The Customer is often interested on tools delivering information about an entire process system or an entire physical phenomenon in real time, with data that are quickly understandable and usable. In the pre-design stage this approach is powerful and cost-effective, but the same can not be said during the design stage or when the product optimization is investigated. In the latter stages, a deep insight of the involved phenomena often simplifies designer work and reduces the product time-to-market.

The required simulation tools are two and they look diametrically opposite: on one side fast and rapid tools (0D/1D, e.g. Dymola®), on the other side tools able to deeply investigate phenomena otherwise unintelligible (3D). The link is represented by SURROGATE MODELS, that is, simple algebraic relationships able to replace detailed 3D computations. Once inserted in 0D/1D models, they behave as the other standard blocks precisely, allowing to solve quickly even complex problems.
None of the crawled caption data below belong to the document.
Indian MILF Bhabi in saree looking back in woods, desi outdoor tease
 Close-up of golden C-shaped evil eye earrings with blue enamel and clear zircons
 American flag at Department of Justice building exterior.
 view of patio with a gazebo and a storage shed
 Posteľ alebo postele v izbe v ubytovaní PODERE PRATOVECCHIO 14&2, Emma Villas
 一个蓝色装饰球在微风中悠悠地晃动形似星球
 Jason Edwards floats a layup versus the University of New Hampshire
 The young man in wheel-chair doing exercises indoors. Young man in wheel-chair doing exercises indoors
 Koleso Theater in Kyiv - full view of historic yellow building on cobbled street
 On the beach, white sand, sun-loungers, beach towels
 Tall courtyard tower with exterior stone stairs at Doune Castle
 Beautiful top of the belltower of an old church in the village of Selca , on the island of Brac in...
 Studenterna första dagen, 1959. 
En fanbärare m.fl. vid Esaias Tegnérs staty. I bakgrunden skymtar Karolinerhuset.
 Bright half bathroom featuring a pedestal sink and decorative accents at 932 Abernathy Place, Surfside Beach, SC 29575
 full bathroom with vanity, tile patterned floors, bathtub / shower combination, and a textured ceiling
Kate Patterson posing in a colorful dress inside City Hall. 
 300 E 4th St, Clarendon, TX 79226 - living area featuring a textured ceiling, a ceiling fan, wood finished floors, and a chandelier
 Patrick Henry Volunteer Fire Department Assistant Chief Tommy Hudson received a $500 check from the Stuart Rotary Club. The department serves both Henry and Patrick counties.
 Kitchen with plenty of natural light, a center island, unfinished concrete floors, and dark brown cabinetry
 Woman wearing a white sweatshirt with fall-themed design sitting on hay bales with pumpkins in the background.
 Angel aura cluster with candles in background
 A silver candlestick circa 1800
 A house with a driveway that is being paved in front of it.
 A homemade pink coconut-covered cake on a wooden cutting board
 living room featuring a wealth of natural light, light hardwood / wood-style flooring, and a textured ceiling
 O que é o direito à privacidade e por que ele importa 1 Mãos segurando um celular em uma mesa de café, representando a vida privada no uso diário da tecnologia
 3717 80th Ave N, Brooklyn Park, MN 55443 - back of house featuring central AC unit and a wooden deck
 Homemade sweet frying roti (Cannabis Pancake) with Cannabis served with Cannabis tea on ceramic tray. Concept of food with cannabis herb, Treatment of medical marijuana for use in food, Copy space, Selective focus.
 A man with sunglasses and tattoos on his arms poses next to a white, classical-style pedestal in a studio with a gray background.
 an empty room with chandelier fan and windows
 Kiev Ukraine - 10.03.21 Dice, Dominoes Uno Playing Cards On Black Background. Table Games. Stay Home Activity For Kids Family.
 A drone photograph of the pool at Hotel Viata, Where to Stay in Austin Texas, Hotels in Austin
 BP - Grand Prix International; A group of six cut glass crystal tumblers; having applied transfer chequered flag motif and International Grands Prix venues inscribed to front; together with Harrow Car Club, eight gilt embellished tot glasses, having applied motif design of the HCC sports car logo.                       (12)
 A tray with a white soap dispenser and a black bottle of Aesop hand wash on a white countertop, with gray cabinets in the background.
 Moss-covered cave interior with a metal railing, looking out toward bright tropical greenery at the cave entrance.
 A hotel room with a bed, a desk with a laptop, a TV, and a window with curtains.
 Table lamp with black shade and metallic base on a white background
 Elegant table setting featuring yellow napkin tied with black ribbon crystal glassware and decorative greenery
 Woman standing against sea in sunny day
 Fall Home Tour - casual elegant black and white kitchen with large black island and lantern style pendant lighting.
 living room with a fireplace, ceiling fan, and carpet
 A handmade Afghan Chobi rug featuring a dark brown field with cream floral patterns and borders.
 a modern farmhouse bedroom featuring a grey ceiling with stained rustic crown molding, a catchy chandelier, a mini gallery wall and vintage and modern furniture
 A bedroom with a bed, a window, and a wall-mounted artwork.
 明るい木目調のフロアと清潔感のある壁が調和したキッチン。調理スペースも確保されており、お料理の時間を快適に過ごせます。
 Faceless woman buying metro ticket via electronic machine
Surrogate models are built over a wide amount of data concerning specific phenomena, and they are based on the following key features:

  • most influencing parameters are identified which mostly alterate the phenomena behavior;
  • a database is built made up of a myriad of 3D (both numerical, CFD and FEM, and experimental) evaluations performed varying the previously identified influencing parameters;
  • a mathematical correlation is found and calibrated which is able to reproduce the database information.

The accuracy and the cohesion degree to the real physics depend on the size of the computational database and on the range the model is applied over.